EleutherAI / lm-evaluation-harness

A framework for few-shot evaluation of language models.
https://www.eleuther.ai
MIT License
6.92k stars 1.85k forks source link

log_samples with multi args in model_args #1664

Open nicho2 opened 7 months ago

nicho2 commented 7 months ago

i obtain an error when lm_eval try to save result in file. lm_eval uses model_args to do the file name but it don't remove the ':' character

the error: Traceback (most recent call last): File "", line 198, in _run_module_as_main File "", line 88, in _run_code File "c:\python311\Scripts\lm_eval.exe__main.py", line 7, in File "C:\Projects\transpose\lm-evaluation-harness\lm_eval__main.py", line 400, in cli_evaluate filename.write_text(samples_dumped, encoding="utf-8") File "C:\Python311\Lib\pathlib.py", line 1078, in write_text with self.open(mode='w', encoding=encoding, errors=errors, newline=newline) as f: ^^^^^^^^^^^^^^^^^^^^^^^^^^^^^^^^^^^^^^^^^^^^^^^^^^^^^^^^^^^^^^^^^^^^^^ File "C:\Python311\Lib\pathlib.py", line 1044, in open return io.open(self, mode, buffering, encoding, errors, newline) ^^^^^^^^^^^^^^^^^^^^^^^^^^^^^^^^^^^^^^^^^^^^^^^^^^^^^^^^^ OSError: [Errno 22] Invalid argument: 'output\mistral-7b-instruct-v0.2-LG\modelsn__mistral-7b-instruct-v0.2-LG,base_urlhttp:__10.2.42.198:1234v1_gsm8k.jsonl'

the command: lm_eval --model local-chat-completions --tasks gsm8k --model_args model=sn/mistral-7b-instruct-v0.2-LG,base_url=http://10.2.42.198:1234/v1 --log_samples --output_path output/mistral-7b-instruct-v0.2-LG/ --limit 4

perhaps you can modify : outputname = "{}{}".format( re.sub("/|=", "__", args.model_args), task_name ) by :

outputname = "{}{}".format( re.sub("/|=|:", "__", args.model_args), task_name )
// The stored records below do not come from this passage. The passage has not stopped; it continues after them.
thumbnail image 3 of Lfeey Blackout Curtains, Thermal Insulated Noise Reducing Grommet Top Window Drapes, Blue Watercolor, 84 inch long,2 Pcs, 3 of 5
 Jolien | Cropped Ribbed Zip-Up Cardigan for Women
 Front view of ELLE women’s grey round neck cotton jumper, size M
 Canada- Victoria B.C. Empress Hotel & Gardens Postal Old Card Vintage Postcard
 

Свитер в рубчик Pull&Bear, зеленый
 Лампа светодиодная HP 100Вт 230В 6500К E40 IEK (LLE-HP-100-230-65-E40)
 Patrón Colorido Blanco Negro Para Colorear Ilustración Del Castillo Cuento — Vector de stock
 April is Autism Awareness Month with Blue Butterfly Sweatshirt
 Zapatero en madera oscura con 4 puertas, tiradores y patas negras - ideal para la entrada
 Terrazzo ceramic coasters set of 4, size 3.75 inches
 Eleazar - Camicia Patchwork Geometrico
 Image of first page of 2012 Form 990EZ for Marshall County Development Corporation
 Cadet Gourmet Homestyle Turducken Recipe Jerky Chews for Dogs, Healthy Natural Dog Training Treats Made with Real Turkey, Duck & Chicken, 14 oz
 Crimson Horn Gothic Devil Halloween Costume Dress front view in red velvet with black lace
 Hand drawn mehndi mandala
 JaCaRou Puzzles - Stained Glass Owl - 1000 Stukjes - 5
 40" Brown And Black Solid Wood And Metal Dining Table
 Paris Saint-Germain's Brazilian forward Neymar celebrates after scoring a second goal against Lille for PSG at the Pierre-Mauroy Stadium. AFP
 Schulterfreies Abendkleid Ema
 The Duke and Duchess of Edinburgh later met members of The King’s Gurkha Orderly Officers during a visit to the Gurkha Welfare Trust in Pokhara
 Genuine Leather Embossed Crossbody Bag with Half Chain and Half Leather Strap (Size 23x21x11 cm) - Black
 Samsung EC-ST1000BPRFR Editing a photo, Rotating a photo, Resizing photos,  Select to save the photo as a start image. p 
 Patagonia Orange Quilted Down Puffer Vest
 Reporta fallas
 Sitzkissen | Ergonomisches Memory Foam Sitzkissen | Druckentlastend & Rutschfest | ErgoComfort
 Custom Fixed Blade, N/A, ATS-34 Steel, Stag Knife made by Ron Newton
nicho2 commented 7 months ago

same thing with zeno_visualize.py

        model_args = re.sub(
            "/|=|:",
            "__",
            json.load(
                open(Path(args.data_path, model, "results.json"), encoding="utf-8")
            )["config"]["model_args"],
haileyschoelkopf commented 7 months ago

Hello, thank you for raising this issue!

Since you've pointed out a fix for this, perhaps you could create a PR with this fix applied?